= Loudoun Branch of the Manassas Gap Railroad =

The Loudoun Branch of the Manassas Gap Railroad was a planned branch extension of the Manassas Gap Railroad that was to connect the Orange and Alexandria Railroad (O&A) to Harpers Ferry and the Baltimore and Ohio Railroad.

==Route==
The route was to diverge from the O&A near Centerville and head west through Loudoun County, crossing the Catoctin Mountain along the Goose Creek water gap, then turning northward towards the village of Goose Creek (present day Lincoln) and Purcel's Store (present day Purcellville) before continuing northerly, along the eastern base of Short Hill Mountain. At the north end of the mountain, the line was to bear westward passing around the Short Hill and Blue Ridge Mountain along the bank of the Potomac River to its confluence with the Shenandoah River, at which point it would cross the latter river to reach Harpers Ferry.

==Construction and demise==
Work started on the line in 1851, the same year as the main line of the Manassas Gap Railroad. The railroad was graded from Chantilly as far as Purcel's Store including the partial construction of a tunnel under the Catoctin Mountain along the Goose Creek. Tracks were laid as far as the Old Carolina Road (present day U.S. Route 15).

Construction was halted due to financial troubles of the railroad backers during the Panic of 1857. Any hope of resuming work and completing the line was erased when in 1861 when Confederate troops tore up the tracks as they abandoned Alexandria to establish a line at Manassas Junction.

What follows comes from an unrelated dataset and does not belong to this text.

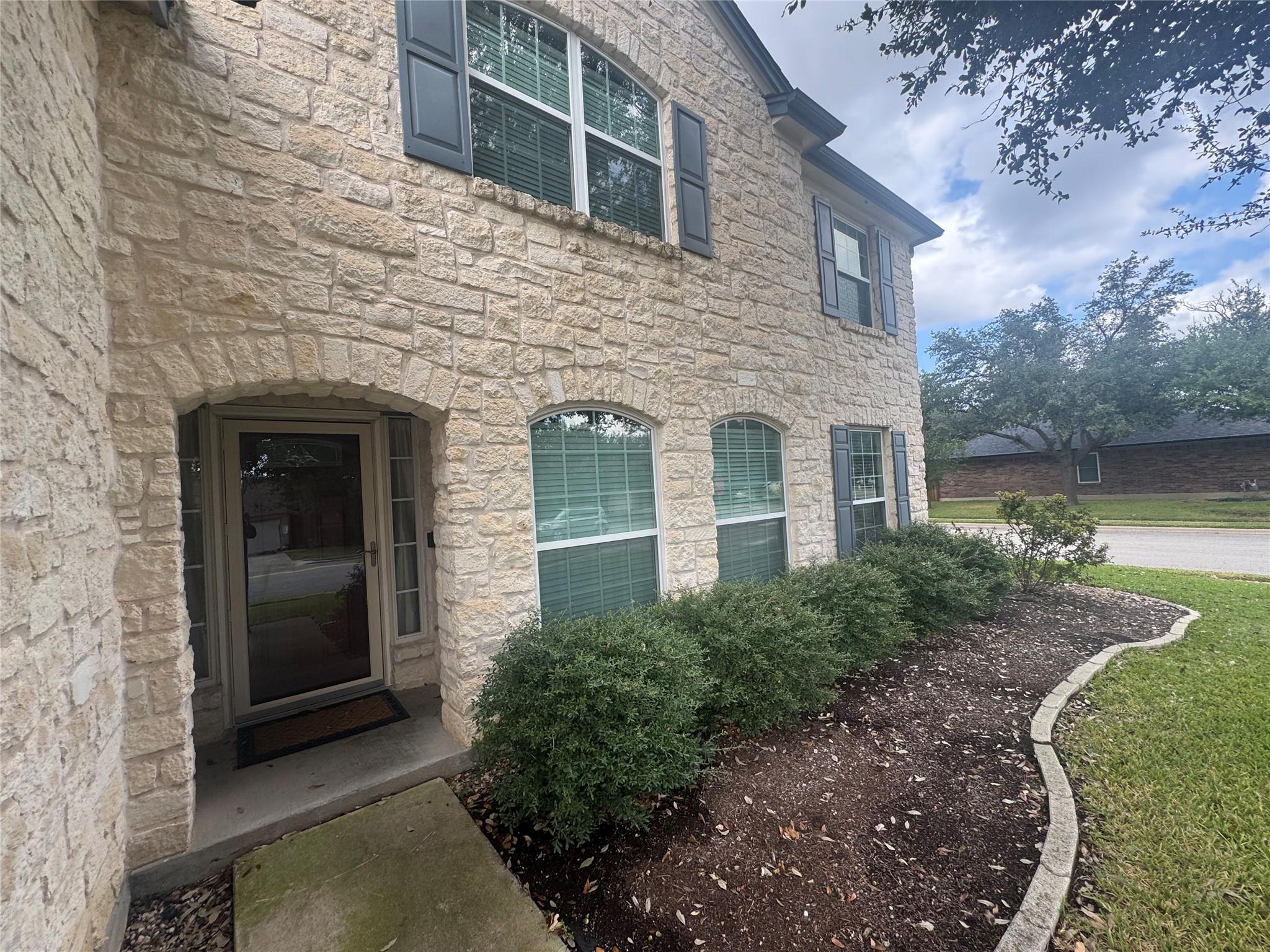 3816 Eagles Nest Street Round Rock TX 78665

Today the informed and dedicated historian can still find the railroad bed and tunnel. A well-preserved section of roadbed exists between Centreville Road and State Road 28 in Fairfax County, Virginia, just east of the Sully Plantation historical site.

Several statements in the original listing are incorrect:

1) it was NOT a branch of the O&A but a branch of the Manassas Gap RR's Independent Line
2) it was not begun in 1851 but was not even chartered until 1853 and what work was done was completed between 1854 and 1857.
3) It started in CHANTILLY, not Centreville, Va.